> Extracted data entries
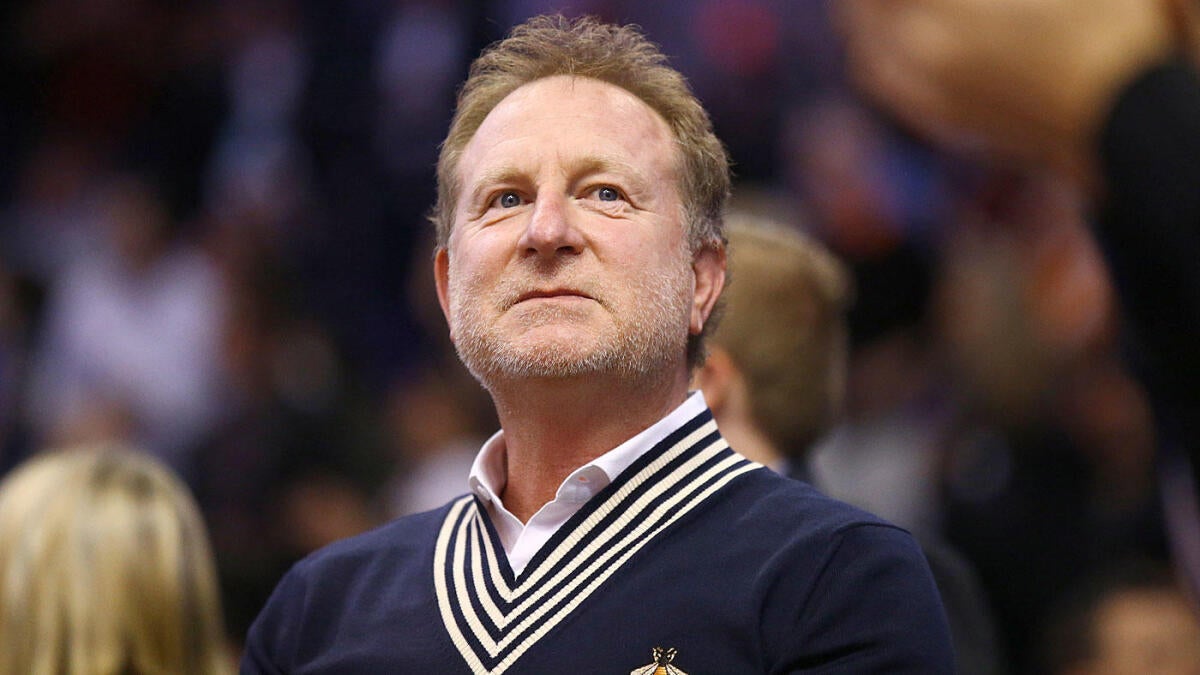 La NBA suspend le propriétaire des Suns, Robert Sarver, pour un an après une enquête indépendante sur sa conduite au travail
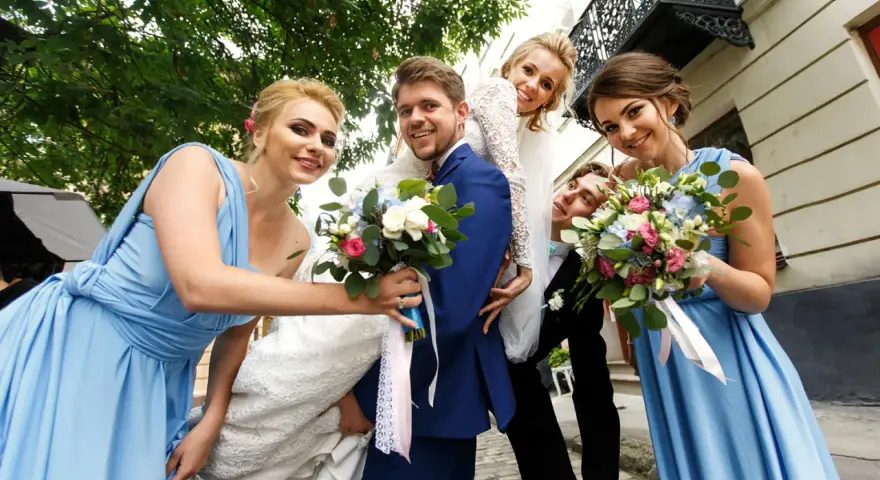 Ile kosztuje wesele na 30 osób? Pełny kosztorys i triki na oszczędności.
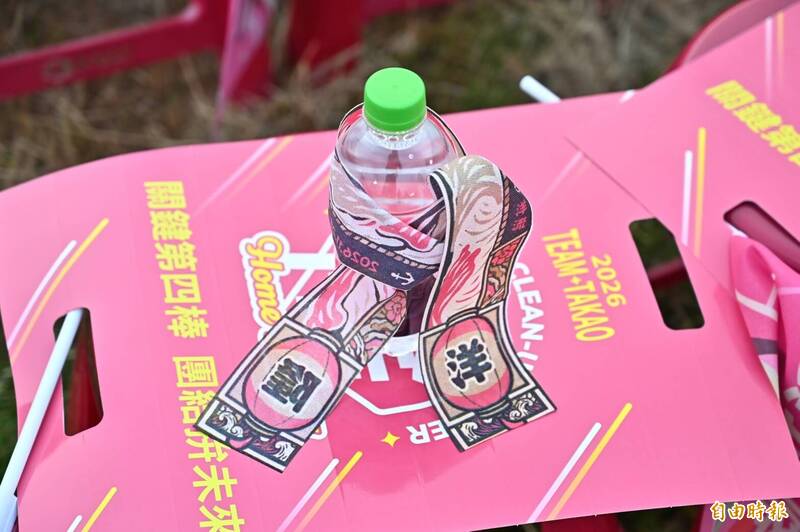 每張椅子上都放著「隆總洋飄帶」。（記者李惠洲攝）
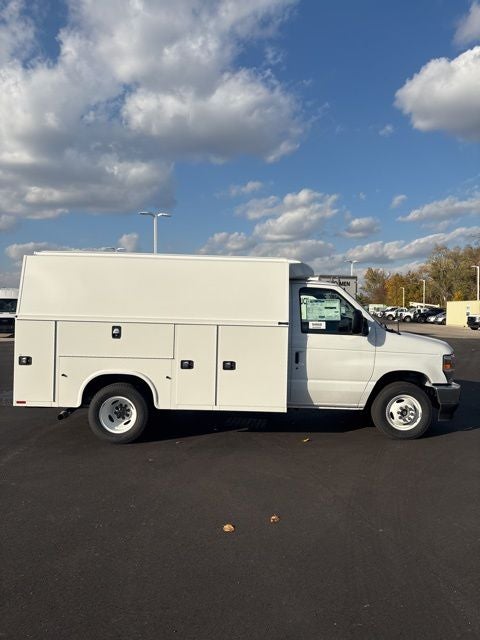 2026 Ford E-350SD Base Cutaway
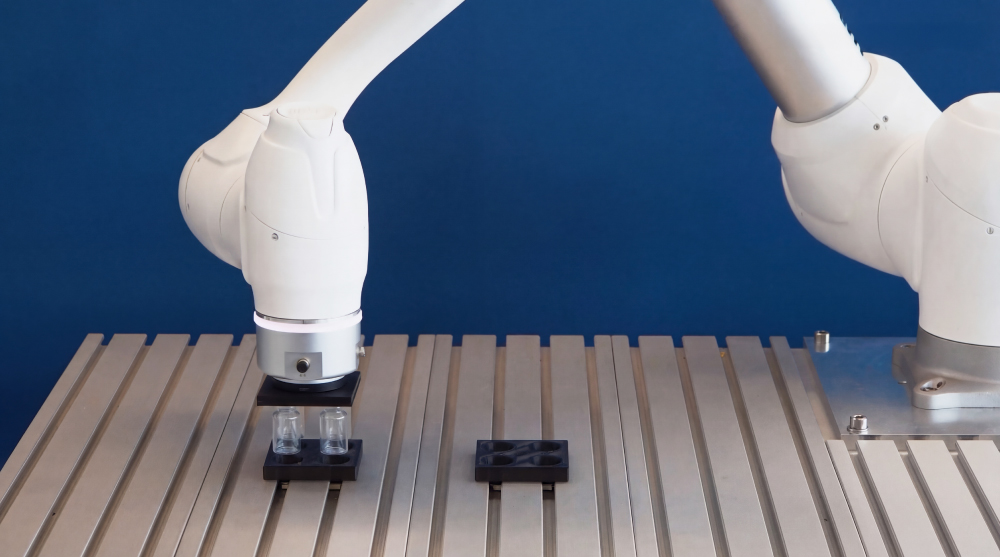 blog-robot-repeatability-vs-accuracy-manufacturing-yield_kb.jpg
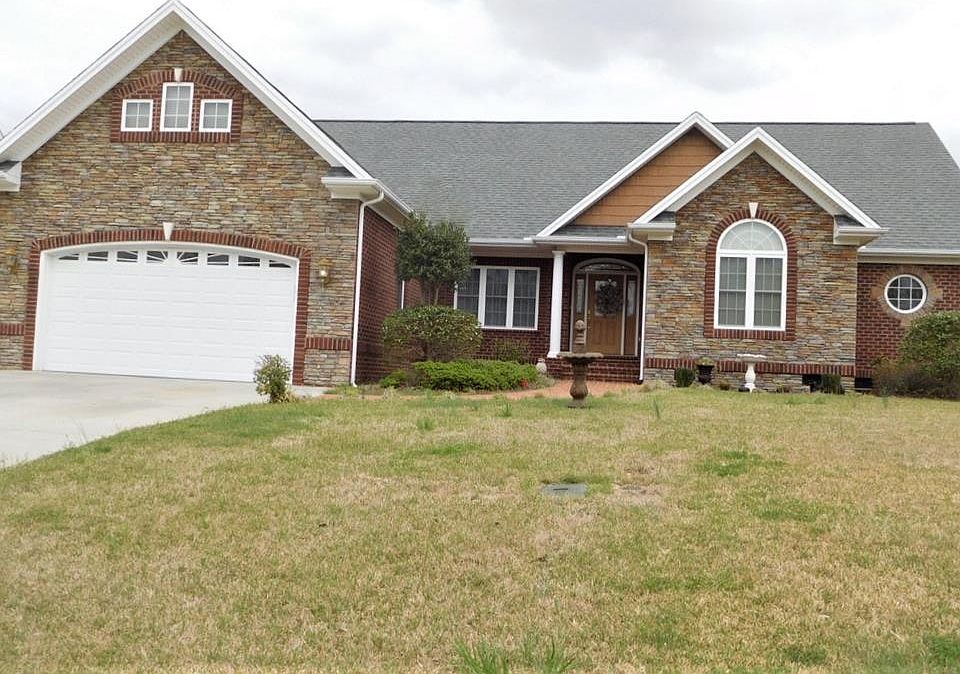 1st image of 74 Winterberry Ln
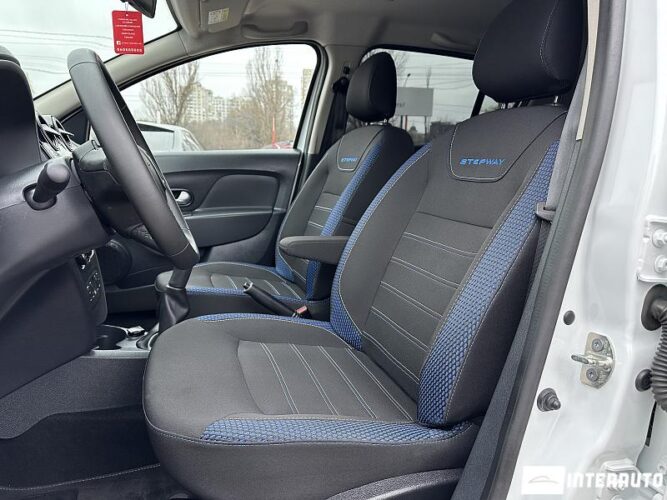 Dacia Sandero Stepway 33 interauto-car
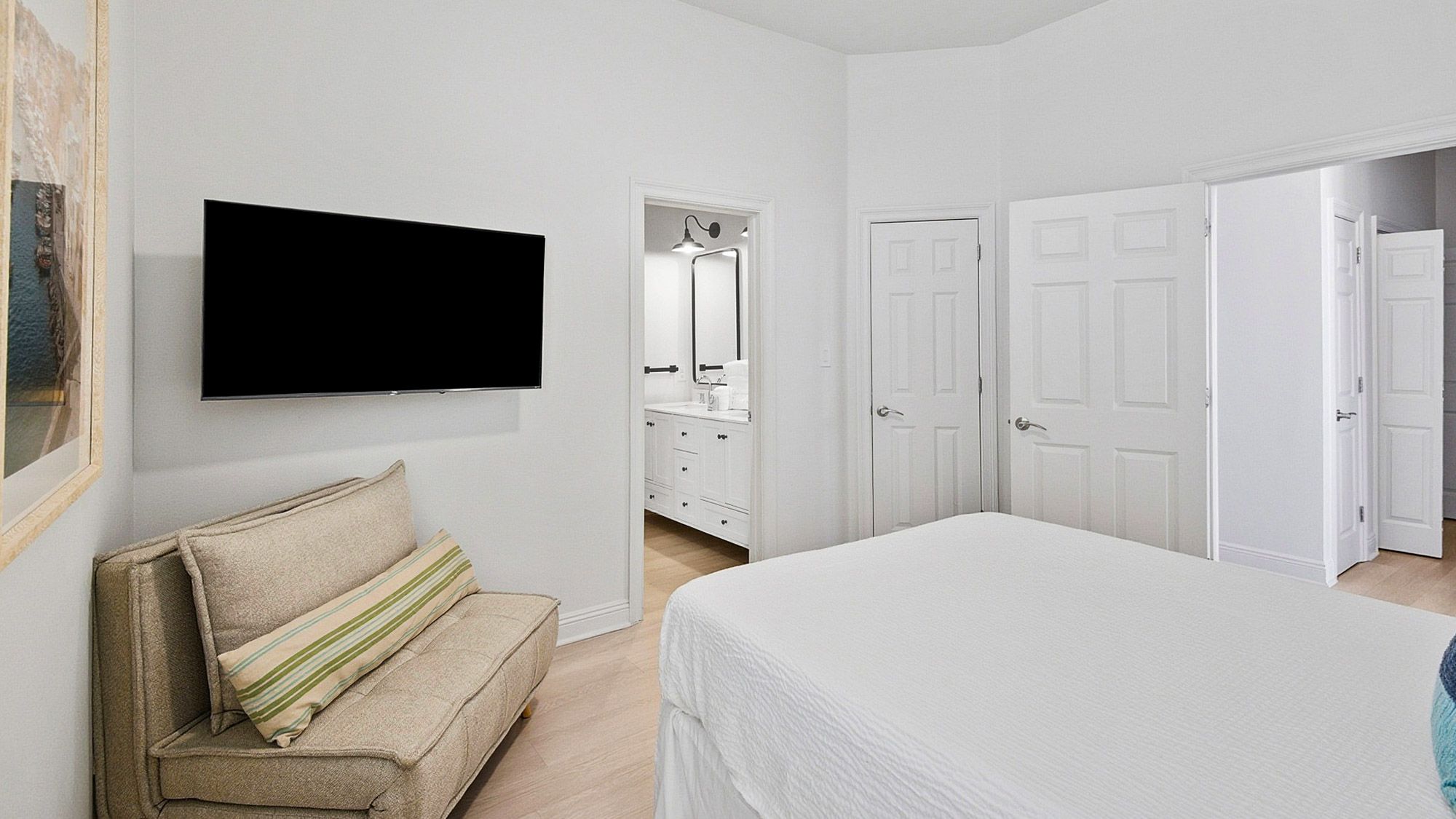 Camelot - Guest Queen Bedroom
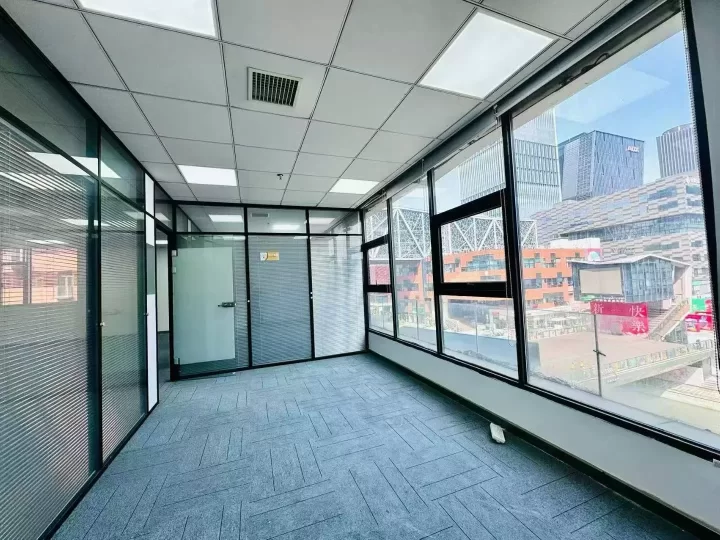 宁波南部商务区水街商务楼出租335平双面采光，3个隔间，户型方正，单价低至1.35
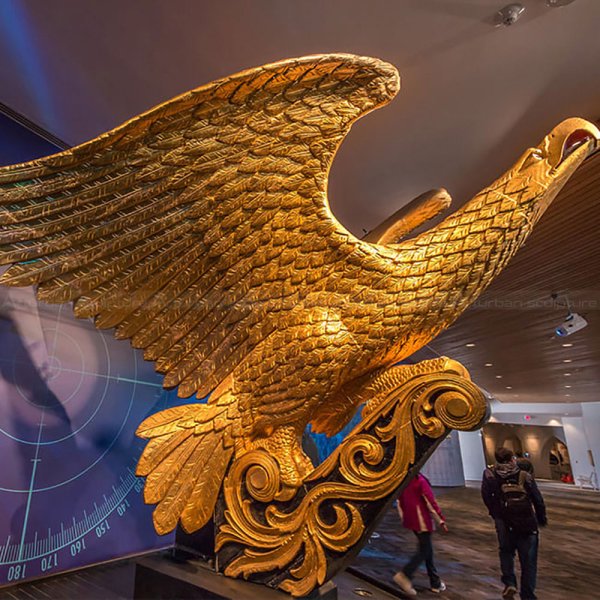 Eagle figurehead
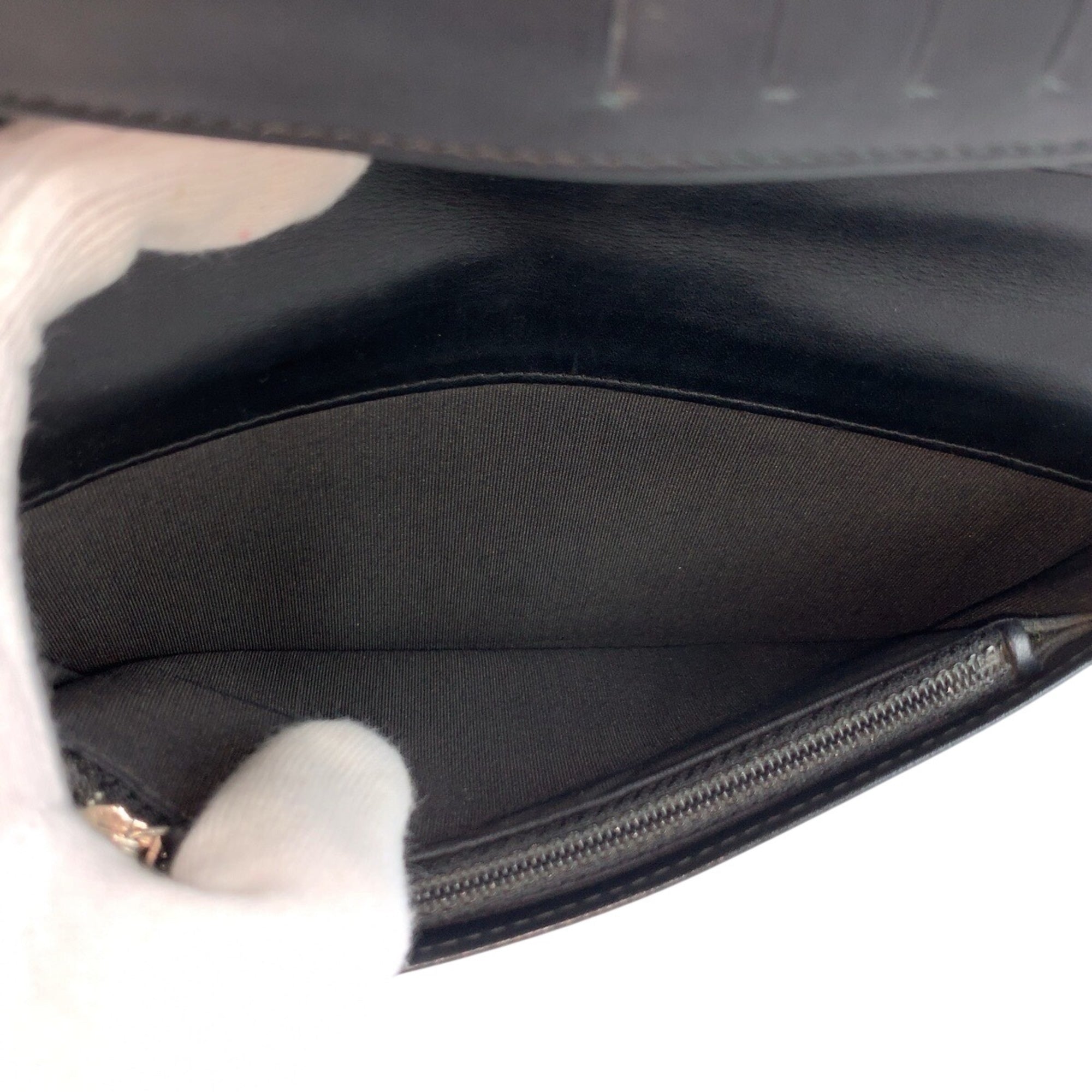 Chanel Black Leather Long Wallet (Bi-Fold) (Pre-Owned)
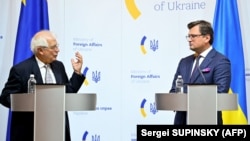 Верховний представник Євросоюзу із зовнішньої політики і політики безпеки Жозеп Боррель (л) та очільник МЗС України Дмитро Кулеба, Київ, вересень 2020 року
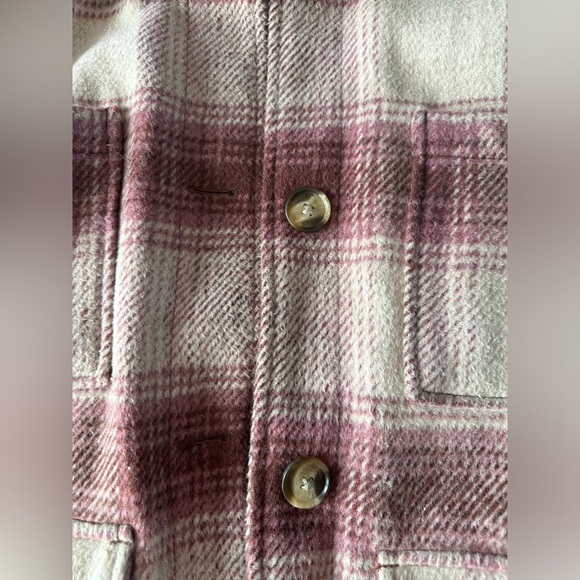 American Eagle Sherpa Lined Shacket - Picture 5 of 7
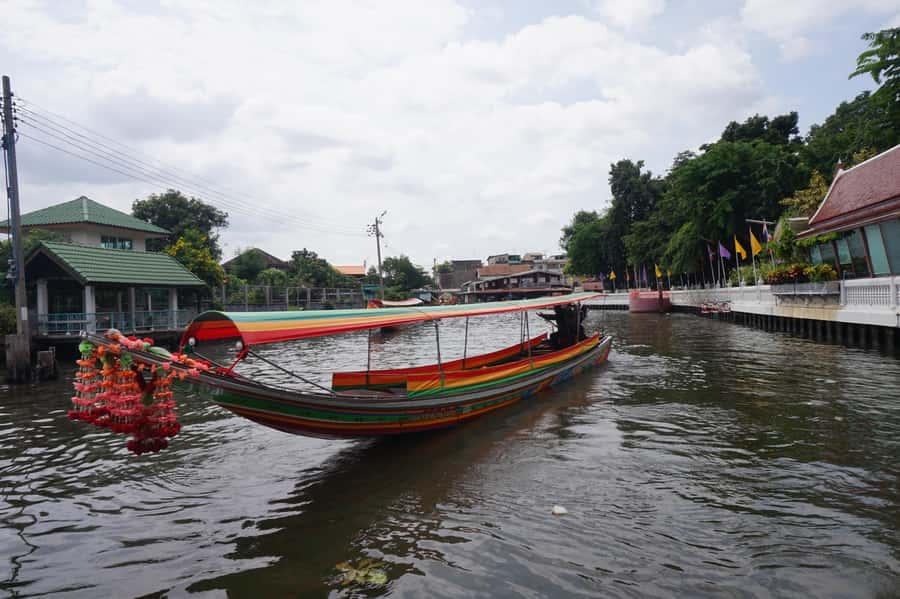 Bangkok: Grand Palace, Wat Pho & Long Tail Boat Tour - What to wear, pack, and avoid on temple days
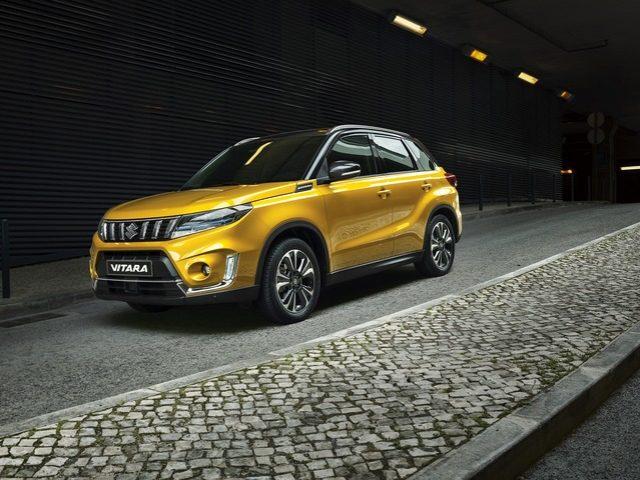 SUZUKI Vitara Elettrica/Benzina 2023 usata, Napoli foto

> What this task involves
Only the lines above from the one containing "每張椅子上都放著「隆總洋飄帶」。（記者李惠洲攝）" through the one containing "American Eagle Sherpa" should be returned, verbatim and inclusive, with pictures excluded.

> Response to the exercise
 每張椅子上都放著「隆總洋飄帶」。（記者李惠洲攝）
 2026 Ford E-350SD Base Cutaway
 blog-robot-repeatability-vs-accuracy-manufacturing-yield_kb.jpg
 1st image of 74 Winterberry Ln
 Dacia Sandero Stepway 33 interauto-car
 Camelot - Guest Queen Bedroom
 宁波南部商务区水街商务楼出租335平双面采光，3个隔间，户型方正，单价低至1.35
 Eagle figurehead
 Chanel Black Leather Long Wallet (Bi-Fold) (Pre-Owned)
 Верховний представник Євросоюзу із зовнішньої політики і політики безпеки Жозеп Боррель (л) та очільник МЗС України Дмитро Кулеба, Київ, вересень 2020 року
 American Eagle Sherpa Lined Shacket - Picture 5 of 7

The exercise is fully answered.